Aid delivery to the Comrat Mayor’s Office and Refugee Distribution Point

  • Junior Chamber International (JCI)

    An organisation that we were introduced to last year, JCI Moldova set up a Refugee Activity Centre in Falesti that continues to go from strength to strength. We met with the current president to hear more about their plans for the centre and to discuss possible avenues for future co-operation.

  • League of Polish Women/Playback Theatre

    After a day spent in Comrat, Alexia returned to Chisinau to attend a Playback Theatre rehearsal, gaining greater insight into the drama therapy they have been providing for refugees. Participating in Playback’s rehearsals is rapidly becoming the highlight of our visits to Moldova and is both enjoyable, revealing and an excellent way of processing our experiences. Jane will be back in May to continue working with the Playback team, accompanied by Tom Penn, a versatile actor, clown, musician and teacher.
  • TAUR and Hope and Health, two former BEARR grantees who work with adults and children with disabilities, welcomed us on the 1st March, or Mărțișor – the celebration of the arrival of spring in Moldova. Following a visit to TAUR’s office, where we learnt more about their mobile aid deliveries and ongoing advocacy work, we attended a spring festival at Hope and Health – a lively performance of music and songs by their beneficiaries.
  • Neoumanist run a truly wonderful centre for the elderly in Straseni, comprised of a free day care centre and a paid-for live-in care home with 20 permanent residents. Alongside a huge number of social and welfare activities for their residents funded by several European donors, they also have a self-sustaining means of income in the form of eco-huts, which they rent out to tourists and short-stay volunteers.

    At one point last year, refugees were staying in the eco-huts, though most refugees who were in the area have either returned to Ukraine or relocated to Chisinau, Balti or Cahul. While staying at the centre, one of the refugees ran cooking masterclasses with the elderly, another ran handicraft sessions, and another facilitated some of their gardening projects.

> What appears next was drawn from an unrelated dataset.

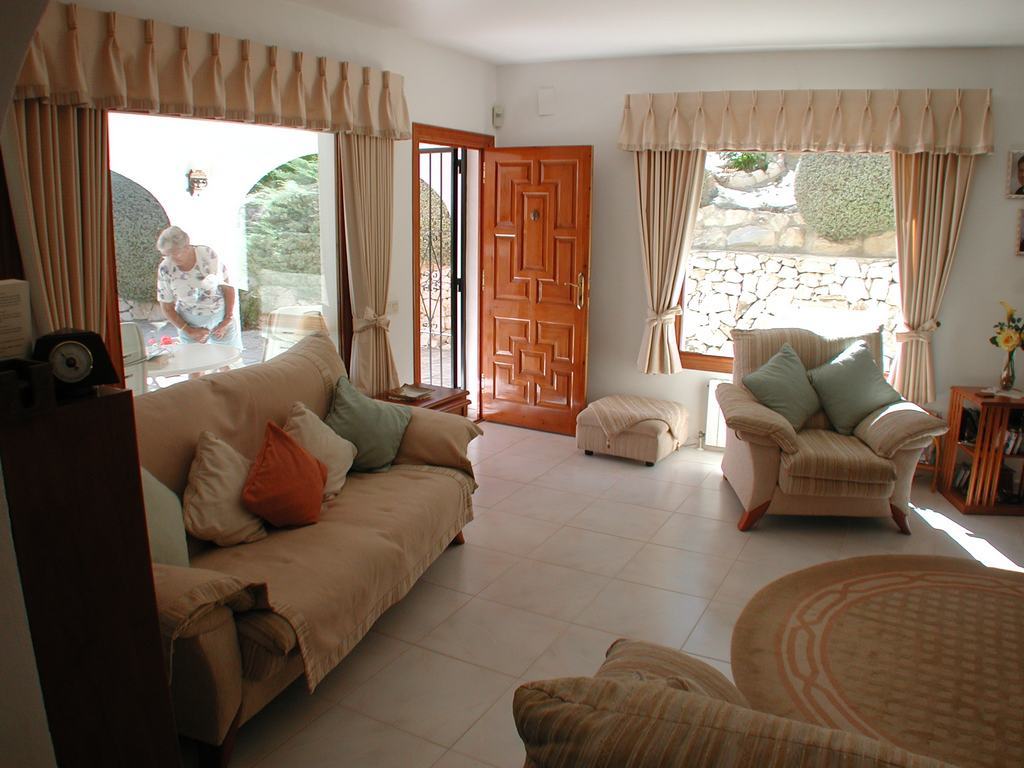 Villa for sale with pool and sea views.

Jane pops into Neoumanist’s eco huts

Our visit to Neoumanist also coincided with a personal stop-off to deliver a wheelchair to Galina Terna, the chief caterer for Jane’s summer school in Ciutesti in 2022. Since August 2022, Galya has undergone intensive surgery and chemotherapy and lost a shocking 50kg in weight.  She very much wanted us to take her photograph as she is today and to tell friends back in UK how grateful she was for the light wheelchair and the visit.

Jane and Galya

On the last day of our trip, Air Moldova decided to cancel our flight at the last moment, which gave us a day in hand to catch up with reports, walk around the lake at the top of the city and sample yet another glass of Moldovan red wine with polenta.  We returned to Stansted, extremely tired but captivated by our visit.